Some feel the answer to this problem is to weld up the backs of the “knees” of these two runners on top the intake as well as welding the runners underneath so that the runner can be “straightened” by porting or machining. This is also done in some of the other runners with much smaller turns and they do not have the issue to the same degree as the front runners – they can be effectively straightened if need be. I drew up the following illustration to make my point. Notice that the physical angles of the runner and the head cannot change – the only area that can be worked is the transition at the head flange. Notice the straight dotted line that represents a “straight” runner. What has been done is a radius that existed before has been turned into a “V” angle right at the head flange. The restriction has been moved from the intake runner to the head runner entrance. High velocity air must have a large smooth radius to maximize its tendency to want to “stick” to the near side runner wall rather than being thrown against the far side runner wall in negotiating the turn. This tendency of air flow was first documented by a Romanian by the name of Henri-Marie Coanda in the 1930s. The very best radius would be infinite, but since we can’t get that, we want to use the largest radius we can in the short side wall transition to the port entry.
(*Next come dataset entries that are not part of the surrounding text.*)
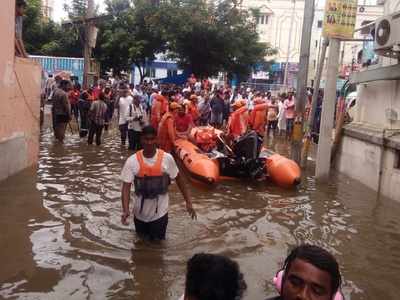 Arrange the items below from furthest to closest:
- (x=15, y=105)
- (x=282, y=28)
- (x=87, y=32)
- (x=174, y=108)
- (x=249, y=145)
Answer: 1. (x=282, y=28)
2. (x=87, y=32)
3. (x=174, y=108)
4. (x=249, y=145)
5. (x=15, y=105)

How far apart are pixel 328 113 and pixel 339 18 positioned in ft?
6.26

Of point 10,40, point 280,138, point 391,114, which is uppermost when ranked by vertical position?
point 10,40

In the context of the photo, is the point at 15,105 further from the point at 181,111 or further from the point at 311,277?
the point at 311,277

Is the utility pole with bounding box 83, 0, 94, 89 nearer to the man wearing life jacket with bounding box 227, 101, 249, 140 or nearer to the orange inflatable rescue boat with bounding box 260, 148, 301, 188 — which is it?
the man wearing life jacket with bounding box 227, 101, 249, 140

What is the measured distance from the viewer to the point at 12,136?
31.2 ft

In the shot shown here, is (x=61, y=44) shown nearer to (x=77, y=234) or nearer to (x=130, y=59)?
(x=130, y=59)

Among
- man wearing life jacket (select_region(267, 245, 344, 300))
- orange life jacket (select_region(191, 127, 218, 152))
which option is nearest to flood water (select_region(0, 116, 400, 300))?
orange life jacket (select_region(191, 127, 218, 152))

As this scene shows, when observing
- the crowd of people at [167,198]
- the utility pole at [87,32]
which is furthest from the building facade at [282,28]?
the crowd of people at [167,198]

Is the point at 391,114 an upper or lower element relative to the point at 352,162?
upper

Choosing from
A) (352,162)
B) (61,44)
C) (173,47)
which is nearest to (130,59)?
(173,47)

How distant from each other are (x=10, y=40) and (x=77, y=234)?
13.5 feet

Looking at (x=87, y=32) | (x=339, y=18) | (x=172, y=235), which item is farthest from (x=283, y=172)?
(x=87, y=32)

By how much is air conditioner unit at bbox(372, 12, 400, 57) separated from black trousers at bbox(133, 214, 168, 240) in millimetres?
5872

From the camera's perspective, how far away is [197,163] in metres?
10.3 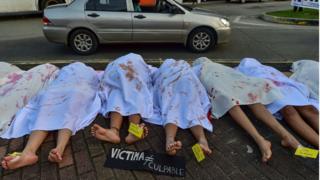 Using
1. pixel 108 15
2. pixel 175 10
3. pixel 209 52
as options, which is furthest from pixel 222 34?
pixel 108 15

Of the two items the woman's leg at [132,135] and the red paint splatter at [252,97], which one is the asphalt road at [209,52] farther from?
the woman's leg at [132,135]

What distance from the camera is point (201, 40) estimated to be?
754 cm

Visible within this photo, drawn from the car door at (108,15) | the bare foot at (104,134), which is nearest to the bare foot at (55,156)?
the bare foot at (104,134)

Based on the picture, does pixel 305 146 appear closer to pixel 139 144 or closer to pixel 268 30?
pixel 139 144

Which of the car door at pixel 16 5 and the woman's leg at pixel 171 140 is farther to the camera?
the car door at pixel 16 5

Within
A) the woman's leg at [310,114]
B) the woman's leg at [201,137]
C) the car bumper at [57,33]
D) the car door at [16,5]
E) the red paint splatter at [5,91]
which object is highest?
the car door at [16,5]

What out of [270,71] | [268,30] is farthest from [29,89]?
[268,30]

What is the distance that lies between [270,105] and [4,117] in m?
2.71

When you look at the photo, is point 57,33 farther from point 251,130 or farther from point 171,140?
point 251,130

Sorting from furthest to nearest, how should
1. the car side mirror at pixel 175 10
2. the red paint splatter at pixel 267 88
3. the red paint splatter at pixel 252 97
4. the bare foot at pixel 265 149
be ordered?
the car side mirror at pixel 175 10, the red paint splatter at pixel 267 88, the red paint splatter at pixel 252 97, the bare foot at pixel 265 149

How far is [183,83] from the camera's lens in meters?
3.41

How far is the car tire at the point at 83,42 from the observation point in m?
7.31

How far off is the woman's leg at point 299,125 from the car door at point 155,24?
14.4 feet

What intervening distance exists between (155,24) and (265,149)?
5.00m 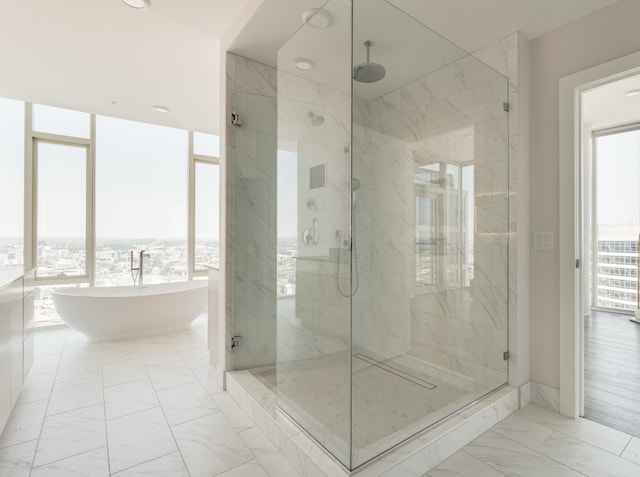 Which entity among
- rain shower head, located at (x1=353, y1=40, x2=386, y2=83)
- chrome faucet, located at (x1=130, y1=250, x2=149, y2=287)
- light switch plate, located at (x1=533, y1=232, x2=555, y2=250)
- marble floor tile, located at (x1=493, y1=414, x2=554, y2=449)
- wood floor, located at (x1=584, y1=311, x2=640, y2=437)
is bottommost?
marble floor tile, located at (x1=493, y1=414, x2=554, y2=449)

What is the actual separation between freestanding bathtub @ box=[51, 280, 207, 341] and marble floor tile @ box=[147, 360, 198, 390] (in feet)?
2.87

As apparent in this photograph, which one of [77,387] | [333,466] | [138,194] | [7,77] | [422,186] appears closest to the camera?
[333,466]

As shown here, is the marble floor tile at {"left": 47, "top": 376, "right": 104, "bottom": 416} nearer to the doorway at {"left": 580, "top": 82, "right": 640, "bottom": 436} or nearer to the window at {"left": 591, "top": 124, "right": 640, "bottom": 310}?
the doorway at {"left": 580, "top": 82, "right": 640, "bottom": 436}

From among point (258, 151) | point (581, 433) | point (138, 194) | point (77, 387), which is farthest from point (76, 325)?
point (581, 433)

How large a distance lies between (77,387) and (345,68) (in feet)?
9.73

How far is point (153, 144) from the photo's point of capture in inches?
188

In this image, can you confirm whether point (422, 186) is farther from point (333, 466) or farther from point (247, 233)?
point (333, 466)

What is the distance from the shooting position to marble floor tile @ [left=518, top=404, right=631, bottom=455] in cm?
186

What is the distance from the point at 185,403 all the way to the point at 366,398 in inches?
53.3

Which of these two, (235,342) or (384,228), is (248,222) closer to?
(235,342)

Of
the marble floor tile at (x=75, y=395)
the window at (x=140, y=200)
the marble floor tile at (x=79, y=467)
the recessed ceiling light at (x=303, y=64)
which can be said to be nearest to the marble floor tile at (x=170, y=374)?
the marble floor tile at (x=75, y=395)

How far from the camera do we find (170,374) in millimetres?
2850

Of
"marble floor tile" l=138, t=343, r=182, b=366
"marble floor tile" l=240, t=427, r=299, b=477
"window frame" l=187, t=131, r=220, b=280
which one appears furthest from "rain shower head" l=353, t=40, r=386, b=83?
"window frame" l=187, t=131, r=220, b=280

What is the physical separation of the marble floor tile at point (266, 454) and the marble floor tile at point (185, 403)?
42 cm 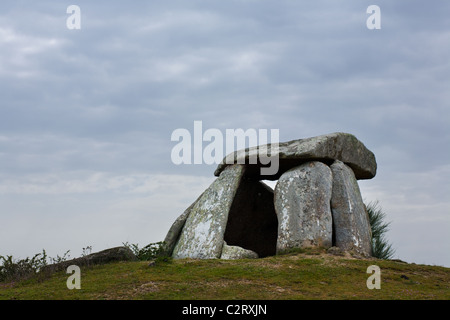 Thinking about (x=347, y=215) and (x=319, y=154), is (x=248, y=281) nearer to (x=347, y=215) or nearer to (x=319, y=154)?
(x=347, y=215)

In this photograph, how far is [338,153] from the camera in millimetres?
19875

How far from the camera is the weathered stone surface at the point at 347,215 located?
1833 centimetres

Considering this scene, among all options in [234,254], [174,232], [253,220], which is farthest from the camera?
[253,220]

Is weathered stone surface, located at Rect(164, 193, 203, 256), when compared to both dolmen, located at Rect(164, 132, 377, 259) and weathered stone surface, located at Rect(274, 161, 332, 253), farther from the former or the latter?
weathered stone surface, located at Rect(274, 161, 332, 253)

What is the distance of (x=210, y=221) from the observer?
18.9 meters

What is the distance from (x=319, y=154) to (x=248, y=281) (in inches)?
258

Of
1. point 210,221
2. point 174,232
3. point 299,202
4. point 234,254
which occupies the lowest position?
point 234,254

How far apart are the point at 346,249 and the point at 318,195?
6.37 feet

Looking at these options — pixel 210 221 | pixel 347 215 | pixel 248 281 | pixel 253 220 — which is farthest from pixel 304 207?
pixel 253 220

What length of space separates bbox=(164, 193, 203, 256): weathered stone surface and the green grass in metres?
3.44

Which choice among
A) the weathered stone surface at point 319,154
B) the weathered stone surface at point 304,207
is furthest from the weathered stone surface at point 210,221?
the weathered stone surface at point 304,207

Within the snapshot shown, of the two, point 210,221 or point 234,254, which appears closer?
point 234,254

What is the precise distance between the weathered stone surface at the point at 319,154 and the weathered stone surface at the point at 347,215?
610mm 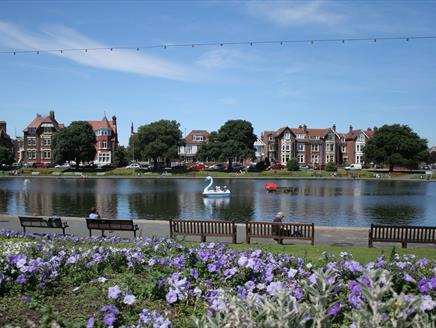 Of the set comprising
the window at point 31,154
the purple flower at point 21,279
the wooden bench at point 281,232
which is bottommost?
the wooden bench at point 281,232

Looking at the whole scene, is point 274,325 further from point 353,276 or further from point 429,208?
point 429,208

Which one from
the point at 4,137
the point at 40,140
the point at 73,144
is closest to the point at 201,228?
the point at 73,144

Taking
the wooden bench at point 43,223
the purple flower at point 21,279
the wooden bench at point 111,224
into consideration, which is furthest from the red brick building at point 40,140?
the purple flower at point 21,279

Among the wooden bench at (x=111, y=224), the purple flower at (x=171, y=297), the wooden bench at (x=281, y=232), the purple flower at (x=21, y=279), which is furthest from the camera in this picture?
the wooden bench at (x=111, y=224)

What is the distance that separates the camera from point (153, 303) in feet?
25.6

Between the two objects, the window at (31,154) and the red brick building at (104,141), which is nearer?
the window at (31,154)

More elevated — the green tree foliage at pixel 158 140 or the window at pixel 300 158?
the green tree foliage at pixel 158 140

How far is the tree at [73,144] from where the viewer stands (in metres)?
97.4

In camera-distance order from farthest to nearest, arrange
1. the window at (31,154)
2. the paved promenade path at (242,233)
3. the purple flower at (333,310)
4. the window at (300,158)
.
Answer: the window at (300,158)
the window at (31,154)
the paved promenade path at (242,233)
the purple flower at (333,310)

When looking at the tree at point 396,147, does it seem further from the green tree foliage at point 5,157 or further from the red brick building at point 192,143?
the green tree foliage at point 5,157

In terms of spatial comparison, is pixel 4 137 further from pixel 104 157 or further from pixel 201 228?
pixel 201 228

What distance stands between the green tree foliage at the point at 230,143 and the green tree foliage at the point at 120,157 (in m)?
34.0

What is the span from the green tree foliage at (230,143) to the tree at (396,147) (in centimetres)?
2793

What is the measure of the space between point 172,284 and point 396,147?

Coanda noted that a stream of fluid or gas will tend to hug a convex contour when directed at a tangent to that surface.

You can check this out for yourself by turning on a tap, so that there's a steady but gentle continuous stream of water flowing. Now bring the back of a spoon into slight contact with the stream and you'll find that the water will no longer fall straight down but actually stick to the curve of the spoon.

This rather unintuitive behavior is the Coanda effect in action.

It's pretty easy to understand why a flow would be deflected by a concave curve -- the curve will "push" the flow around the corner -- but isn't it odd that the flow seems to be pulled by a curved surface?

Both happen in a closed runner with high air speed inside – the idea is to keep the velocity gradient in the runner as evenly spread through the cross section to the runner as possible. The higher the velocity and the tighter the turn, the more the air is going to “stack up” on the long side of the runner and reduce the flow efficiency.

So, creating a smaller radius by “straightening” the end of the intake runner may not be a good move – what do you think? I think it is a much better idea to use the runner’s existing wall thickness and/or welding it more to make the radius larger and more gradual over a longer portion of the runner. This will help keep air distribution more even in the runner and produce more flow – and I’m ALL ABOUT keeping the air column cross section air speed profile high.